Re: ID Card
Most National ID cards that I have personally seen and I have seen most of them from the EU, don't even have the bearer's home address on it.
I would never want my proof of identity device to have my address on it. Otherwise every time you change address you need a new device. As someone who rents a flat, I've changed address four times in seven years. I replaced my drivers licence once, when I moved most recently, and then only because I lost the paper part of my licence.
A better question would be why opening a bank account requires proof of residence at all. Proof of identity, sure. But an address is a pointless exercise now that you are no longer associated with a specific branch for your services. Not to mention the trap it puts on poor people, who often have no fixed abode, but can't get one because they can't get bank accounts, et cetera.
Replacing disparate numbering systems, NHS, Driving licence, National Insurance, to name but a few, would be a large and costly undertaking at a time when most government departments are having their budgets slashed.

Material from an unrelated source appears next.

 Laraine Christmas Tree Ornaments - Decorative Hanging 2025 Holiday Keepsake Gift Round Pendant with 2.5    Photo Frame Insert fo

I think you missed the part about all government services being required to work together. Each can retain their own systems, identifiers and databases, they don't even need to alter anything internally. Each would simply need to provide an open EDI interface that the secured middleware layer can communicate with. The middleware layer handles the translation between departments. So you start with something straightforward, like the driving licence system. The middleware layer associates the pre-existing drivers licence number with the ID number you have created for the relevant individual and boom, they know they are talking about the same person. You can then add other government departments one at a time and confirm the interoperability. So your principle expense initially is in the middleware layer. Each additional service added is cheaper and cheaper, as the underlying platform is already there.